╭─ Provided records

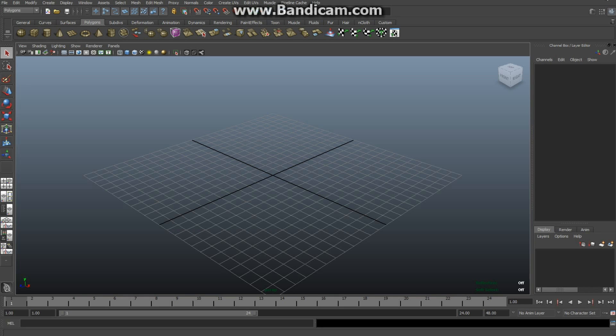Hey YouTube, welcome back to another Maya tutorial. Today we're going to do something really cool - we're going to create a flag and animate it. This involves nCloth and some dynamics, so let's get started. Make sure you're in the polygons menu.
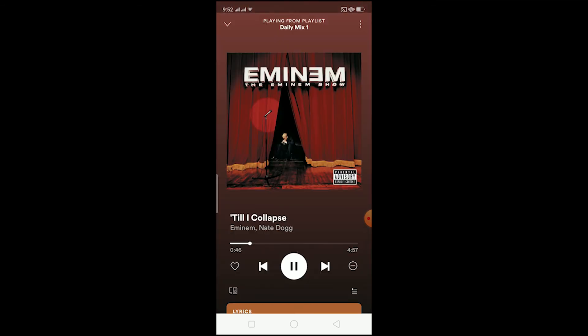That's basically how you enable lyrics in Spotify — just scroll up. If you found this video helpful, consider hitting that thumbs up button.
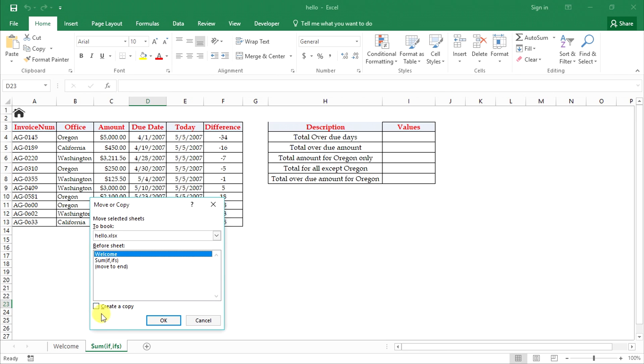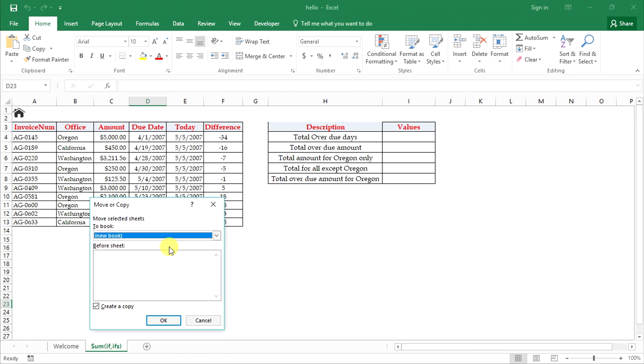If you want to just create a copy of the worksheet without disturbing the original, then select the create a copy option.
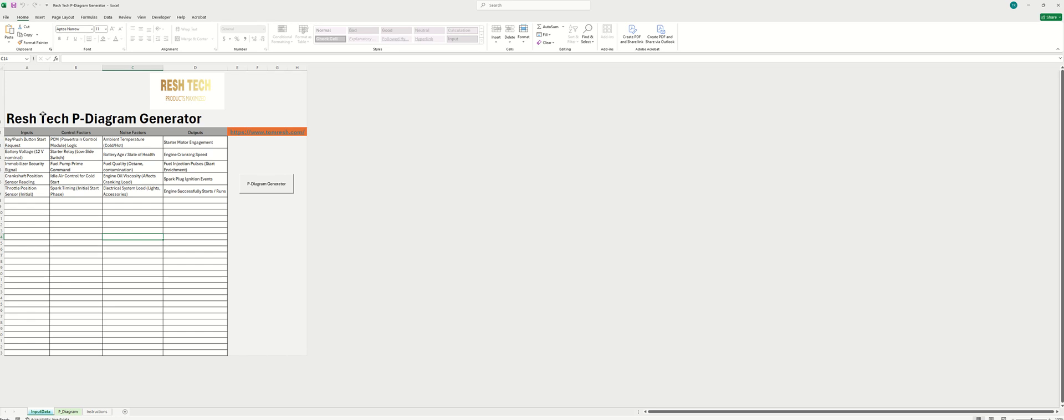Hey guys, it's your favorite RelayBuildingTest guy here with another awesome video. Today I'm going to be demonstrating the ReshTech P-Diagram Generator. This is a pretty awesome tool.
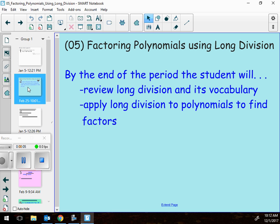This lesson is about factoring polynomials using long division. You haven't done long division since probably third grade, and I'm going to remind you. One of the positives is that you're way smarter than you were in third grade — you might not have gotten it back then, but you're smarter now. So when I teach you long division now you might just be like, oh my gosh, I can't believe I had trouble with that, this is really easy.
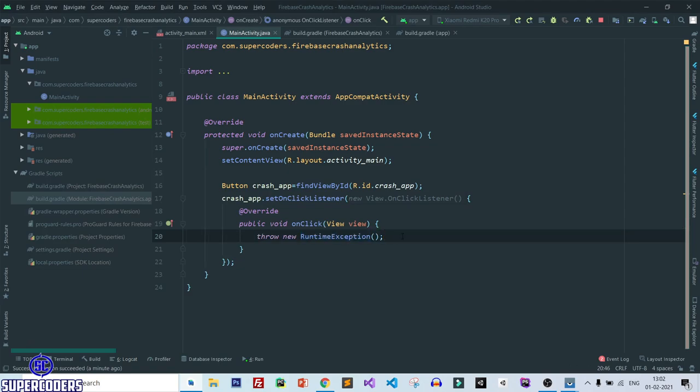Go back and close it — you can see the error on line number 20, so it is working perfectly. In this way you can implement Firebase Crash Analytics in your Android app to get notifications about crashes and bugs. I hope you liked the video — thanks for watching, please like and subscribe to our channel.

╰─

Exercise brief: Would you set down each line of the data exactly, with no images included?

Solution for this problem:
Hey YouTube, welcome back to another Maya tutorial. Today we're going to do something really cool - we're going to create a flag and animate it. This involves nCloth and some dynamics, so let's get started. Make sure you're in the polygons menu.
That's basically how you enable lyrics in Spotify — just scroll up. If you found this video helpful, consider hitting that thumbs up button.
If you want to just create a copy of the worksheet without disturbing the original, then select the create a copy option.
Hey guys, it's your favorite RelayBuildingTest guy here with another awesome video. Today I'm going to be demonstrating the ReshTech P-Diagram Generator. This is a pretty awesome tool.
This lesson is about factoring polynomials using long division. You haven't done long division since probably third grade, and I'm going to remind you. One of the positives is that you're way smarter than you were in third grade — you might not have gotten it back then, but you're smarter now. So when I teach you long division now you might just be like, oh my gosh, I can't believe I had trouble with that, this is really easy.
Go back and close it — you can see the error on line number 20, so it is working perfectly. In this way you can implement Firebase Crash Analytics in your Android app to get notifications about crashes and bugs. I hope you liked the video — thanks for watching, please like and subscribe to our channel.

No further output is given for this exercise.